# EXERCISE
Please write out every line of the listing without alteration, but omit the images.

# DATA

<<<<

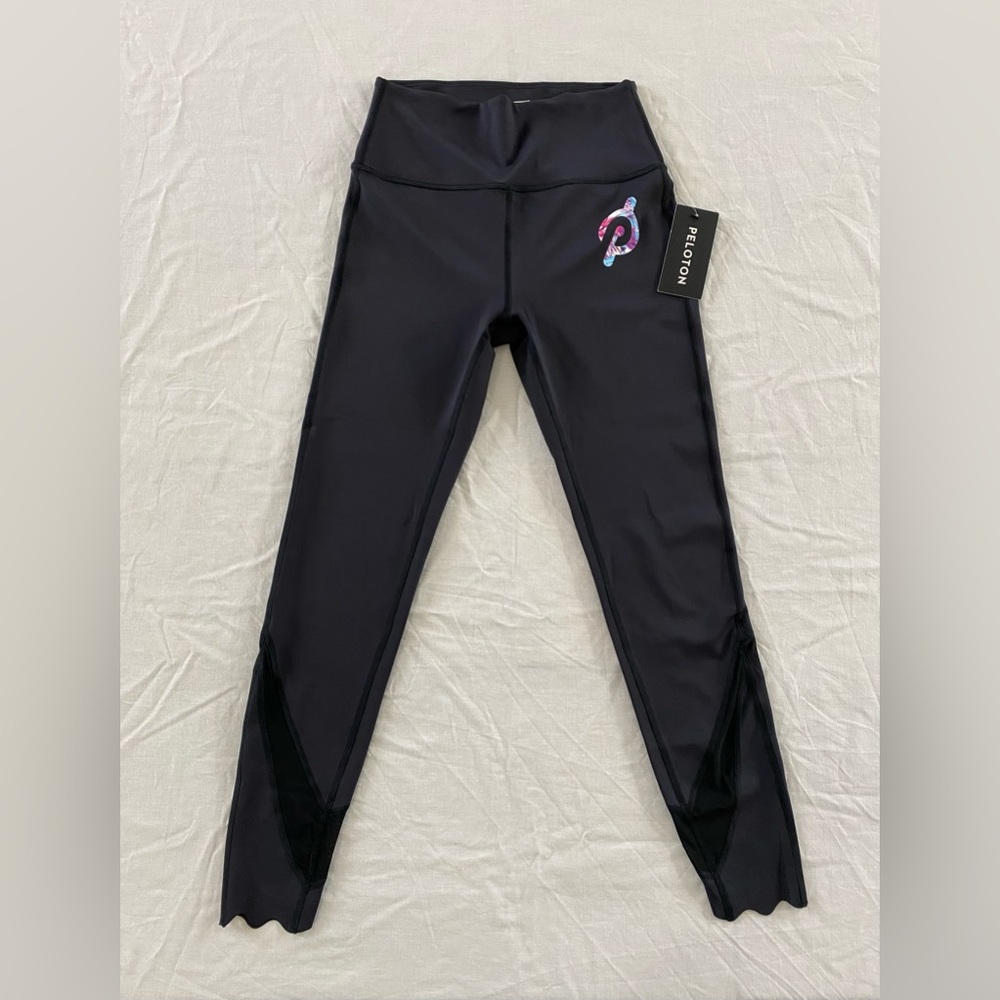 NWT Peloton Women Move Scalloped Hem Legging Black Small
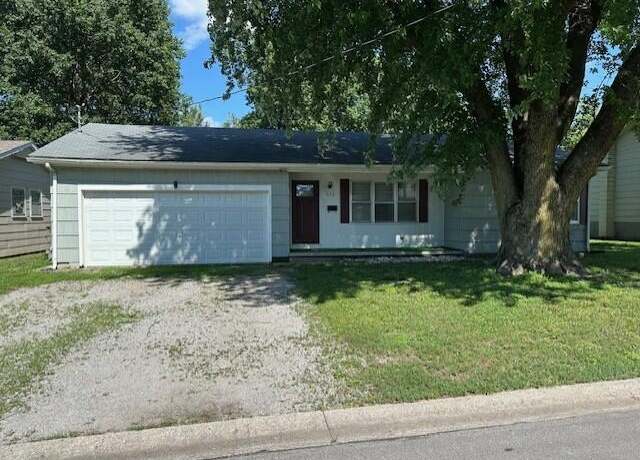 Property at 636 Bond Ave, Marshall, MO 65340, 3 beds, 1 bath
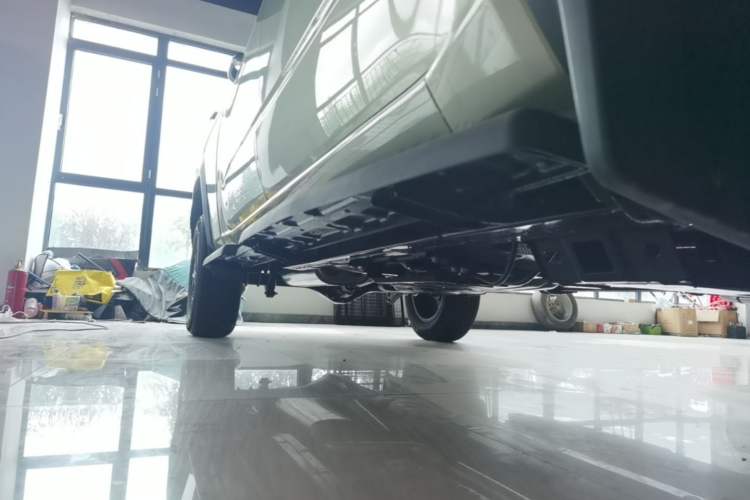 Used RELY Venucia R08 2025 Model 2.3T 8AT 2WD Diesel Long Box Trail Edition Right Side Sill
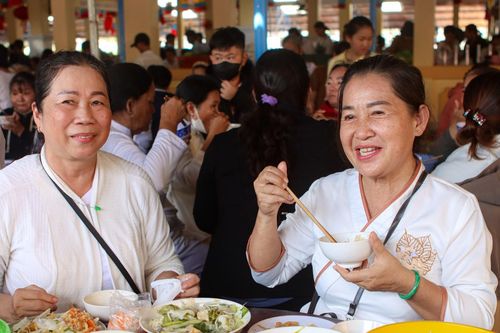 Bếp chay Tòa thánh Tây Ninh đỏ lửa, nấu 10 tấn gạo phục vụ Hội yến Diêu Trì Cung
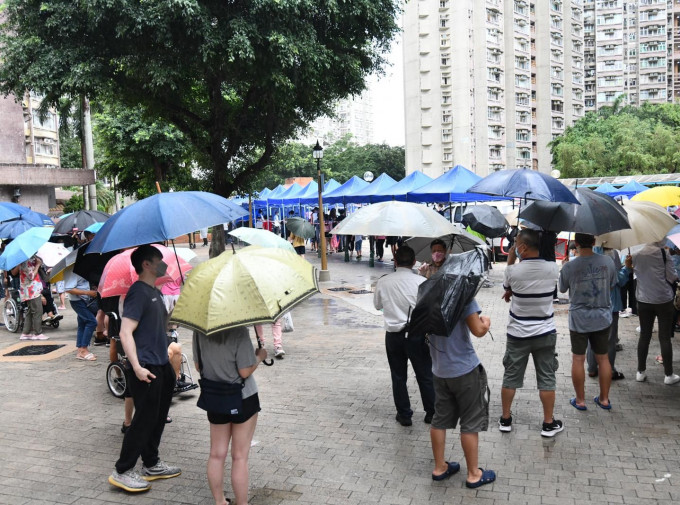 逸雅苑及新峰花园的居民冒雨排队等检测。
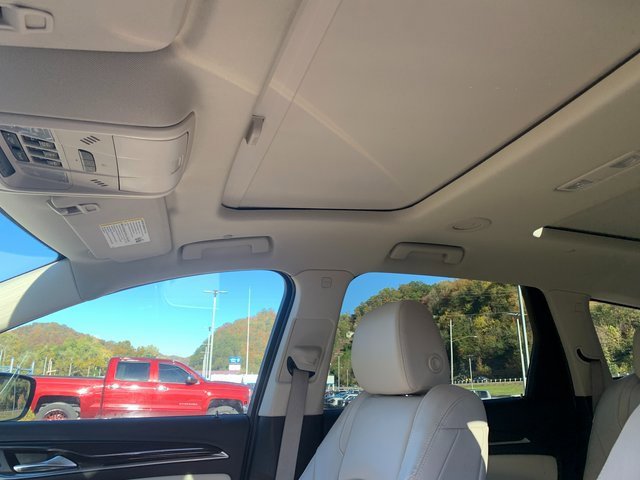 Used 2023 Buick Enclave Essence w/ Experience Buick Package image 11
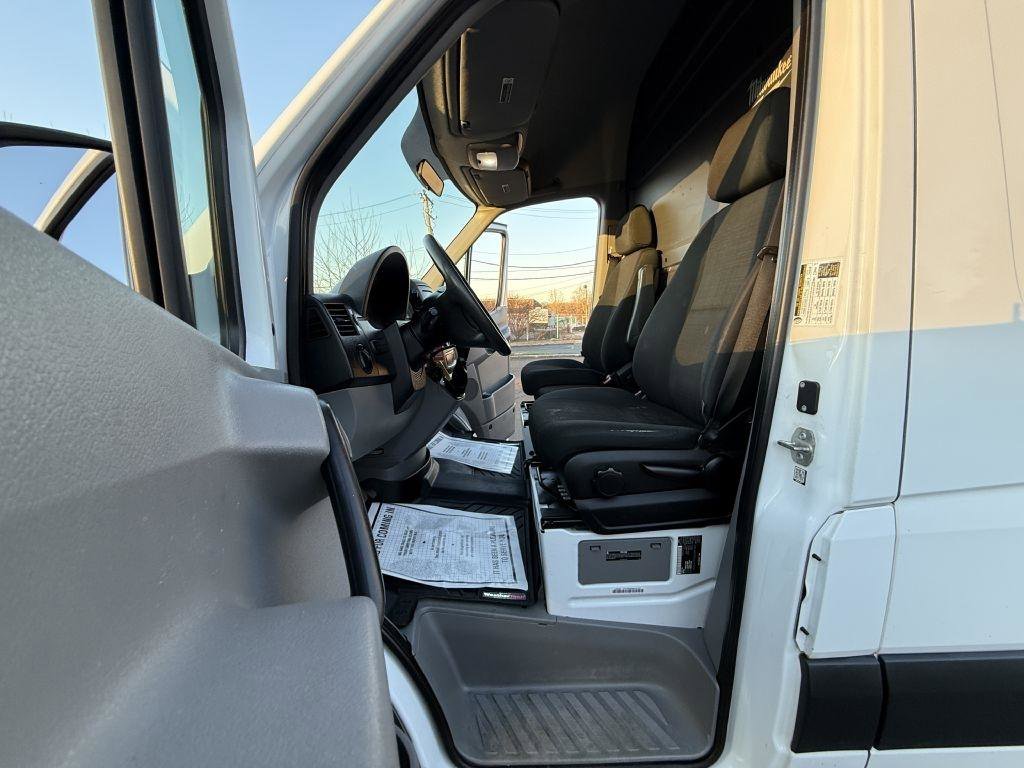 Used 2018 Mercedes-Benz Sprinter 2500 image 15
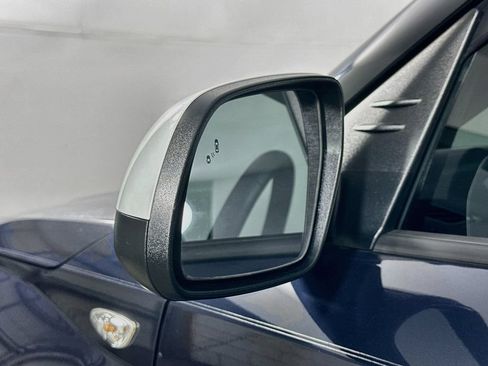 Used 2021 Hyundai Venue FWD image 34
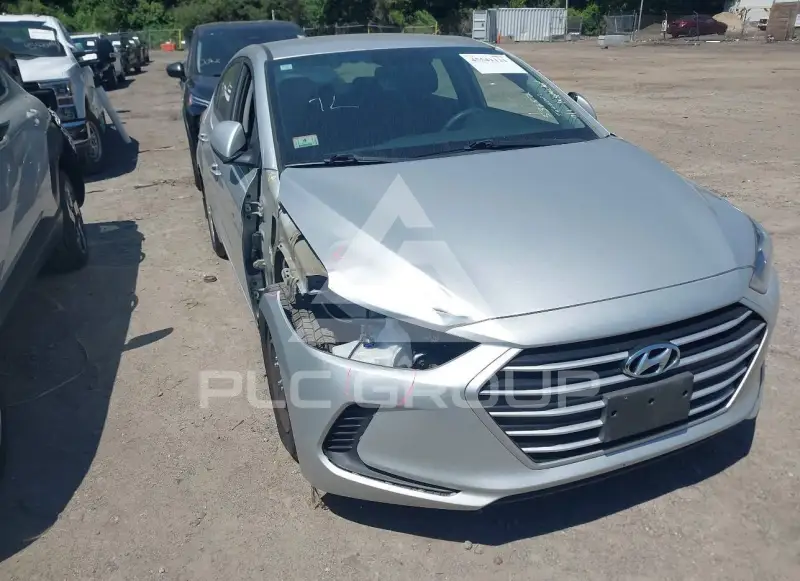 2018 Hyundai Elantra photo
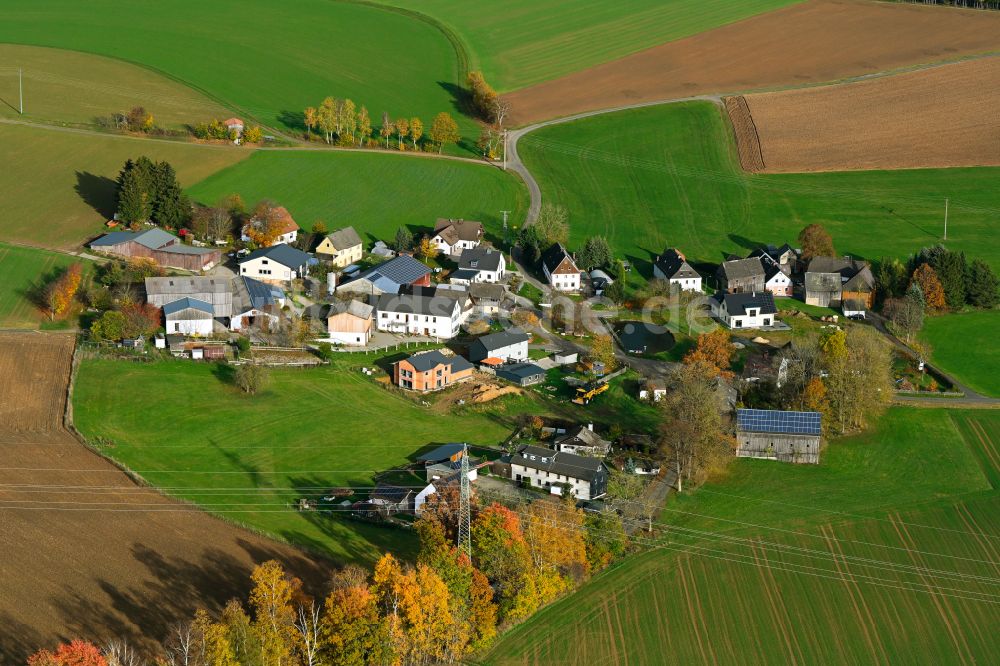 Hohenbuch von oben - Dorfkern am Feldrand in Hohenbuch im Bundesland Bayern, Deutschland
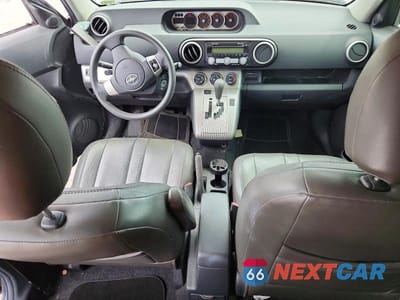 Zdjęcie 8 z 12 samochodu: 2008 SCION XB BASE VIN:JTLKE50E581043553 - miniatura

>>>>

# RESPONSE BELOW
 NWT Peloton Women Move Scalloped Hem Legging Black Small
 Property at 636 Bond Ave, Marshall, MO 65340, 3 beds, 1 bath
 Used RELY Venucia R08 2025 Model 2.3T 8AT 2WD Diesel Long Box Trail Edition Right Side Sill
 Bếp chay Tòa thánh Tây Ninh đỏ lửa, nấu 10 tấn gạo phục vụ Hội yến Diêu Trì Cung
 逸雅苑及新峰花园的居民冒雨排队等检测。
 Used 2023 Buick Enclave Essence w/ Experience Buick Package image 11
 Used 2018 Mercedes-Benz Sprinter 2500 image 15
 Used 2021 Hyundai Venue FWD image 34
 2018 Hyundai Elantra photo
 Hohenbuch von oben - Dorfkern am Feldrand in Hohenbuch im Bundesland Bayern, Deutschland
 Zdjęcie 8 z 12 samochodu: 2008 SCION XB BASE VIN:JTLKE50E581043553 - miniatura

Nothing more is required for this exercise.